### What to work on
Copy every entry exactly.

### Provided records

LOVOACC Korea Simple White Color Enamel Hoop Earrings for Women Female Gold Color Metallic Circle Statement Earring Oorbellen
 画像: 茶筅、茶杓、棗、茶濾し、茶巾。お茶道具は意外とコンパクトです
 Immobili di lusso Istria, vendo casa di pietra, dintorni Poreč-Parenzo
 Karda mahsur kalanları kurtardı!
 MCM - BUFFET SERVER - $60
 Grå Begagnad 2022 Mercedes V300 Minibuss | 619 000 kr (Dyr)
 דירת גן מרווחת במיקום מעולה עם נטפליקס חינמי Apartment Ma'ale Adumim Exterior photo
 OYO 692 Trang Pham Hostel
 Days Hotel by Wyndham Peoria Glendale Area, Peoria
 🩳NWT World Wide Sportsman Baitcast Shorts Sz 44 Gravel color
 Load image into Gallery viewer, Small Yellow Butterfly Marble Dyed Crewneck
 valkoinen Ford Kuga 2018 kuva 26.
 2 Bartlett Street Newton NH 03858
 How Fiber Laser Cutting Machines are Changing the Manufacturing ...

### Response area
LOVOACC Korea Simple White Color Enamel Hoop Earrings for Women Female Gold Color Metallic Circle Statement Earring Oorbellen
 画像: 茶筅、茶杓、棗、茶濾し、茶巾。お茶道具は意外とコンパクトです
 Immobili di lusso Istria, vendo casa di pietra, dintorni Poreč-Parenzo
 Karda mahsur kalanları kurtardı!
 MCM - BUFFET SERVER - $60
 Grå Begagnad 2022 Mercedes V300 Minibuss | 619 000 kr (Dyr)
 דירת גן מרווחת במיקום מעולה עם נטפליקס חינמי Apartment Ma'ale Adumim Exterior photo
 OYO 692 Trang Pham Hostel
 Days Hotel by Wyndham Peoria Glendale Area, Peoria
 🩳NWT World Wide Sportsman Baitcast Shorts Sz 44 Gravel color
 Load image into Gallery viewer, Small Yellow Butterfly Marble Dyed Crewneck
 valkoinen Ford Kuga 2018 kuva 26.
 2 Bartlett Street Newton NH 03858
 How Fiber Laser Cutting Machines are Changing the Manufacturing ...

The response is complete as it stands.